• **Work instructions**
The answer should be the exact lines from the line containing "Don't Enter the" through the last line of the material below, with no pictures.
----
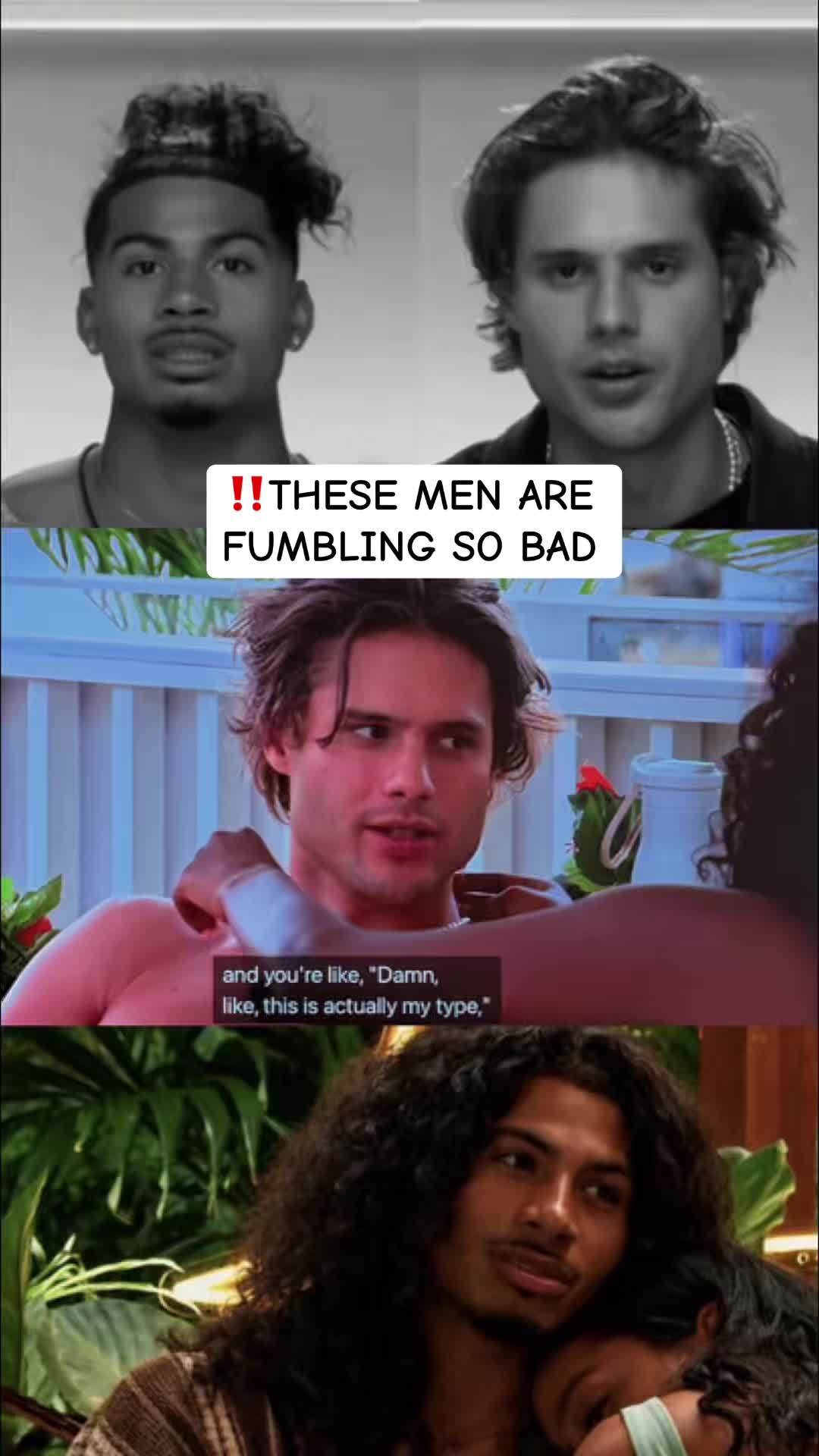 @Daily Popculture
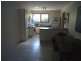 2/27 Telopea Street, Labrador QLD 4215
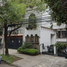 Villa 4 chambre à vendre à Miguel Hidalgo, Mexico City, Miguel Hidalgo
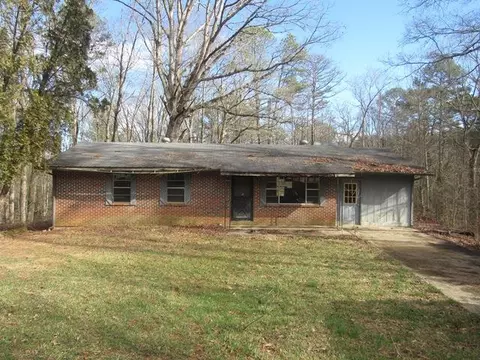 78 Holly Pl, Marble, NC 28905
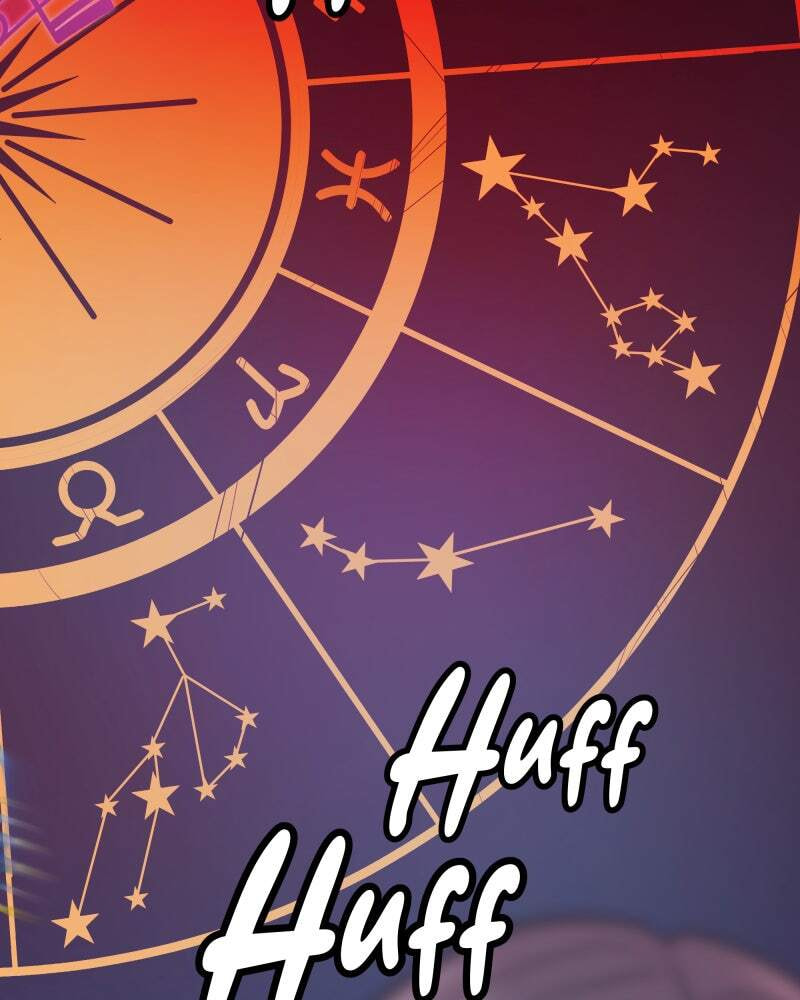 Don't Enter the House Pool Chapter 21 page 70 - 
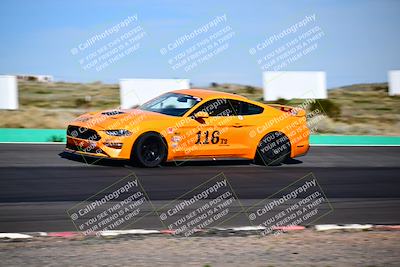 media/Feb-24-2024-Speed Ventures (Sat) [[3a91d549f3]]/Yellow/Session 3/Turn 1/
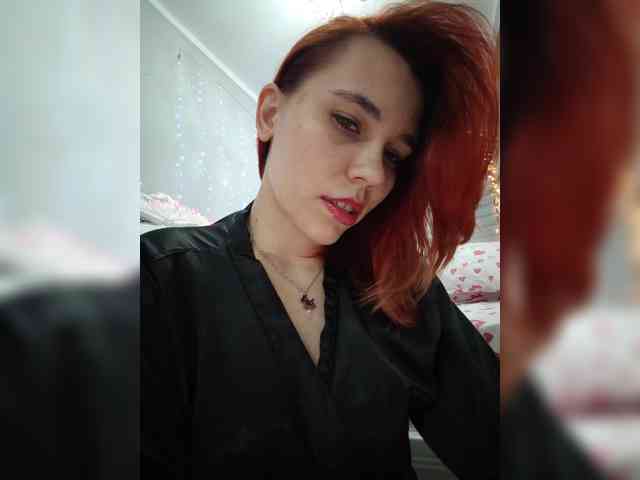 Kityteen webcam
----
• **Finished exercise**
 Don't Enter the House Pool Chapter 21 page 70 - 
 media/Feb-24-2024-Speed Ventures (Sat) [[3a91d549f3]]/Yellow/Session 3/Turn 1/
 Kityteen webcam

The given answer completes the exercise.